And what to focus on instead
Reading remains one of the most powerful gateways to learning, wellbeing and future opportunity. It is no surprise, then, that literacy continues to sit high on the national agenda. With initiatives such as the National Literacy Trusts’ National Year of Reading, there is renewed focus on ensuring all young people develop the reading skills they need to thrive, both in school and beyond.
For secondary schools, this challenge is particularly complex. Each year, pupils arrive from a wide range of primary settings with hugely varied experiences, abilities and needs. Some students transition confidently into the demands of the secondary curriculum, while others struggle to access subject content because of underlying literacy difficulties that may not be immediately visible.
To identify pupils who need support, most secondary schools already undertake some form of standardised reading assessment.
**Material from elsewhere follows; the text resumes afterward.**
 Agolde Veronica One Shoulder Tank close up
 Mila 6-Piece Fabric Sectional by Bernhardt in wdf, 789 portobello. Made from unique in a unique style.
Reading age is by far the most commonly used measure, offering a quick snapshot of attainment. However, once schools have this data, a familiar question often follows: What can we actually do with it?
In this article, we explore why many secondary educators find Reading Age data difficult to act on and what can be done instead to gain a clearer, more useful picture of pupils’ reading ability, one that genuinely informs teaching and interventions.
Why Reading Age isn’t everything
Reading Age scores are popular because they appear simple and concrete. They allow for easy comparison between students and can quickly highlight those reading below their chronological age. In busy secondary settings, this clarity can feel reassuring.
But reading is far more complex than a single number suggests. It is not one skill that can be neatly captured by one data point.
The Simple View of Reading provides a helpful framework here. It explains that reading comprehension, the ultimate goal of reading, is the product of two broad skill sets: Word Recognition and Language Comprehension. Both are essential, and weakness in either can significantly limit a pupil’s ability to understand text.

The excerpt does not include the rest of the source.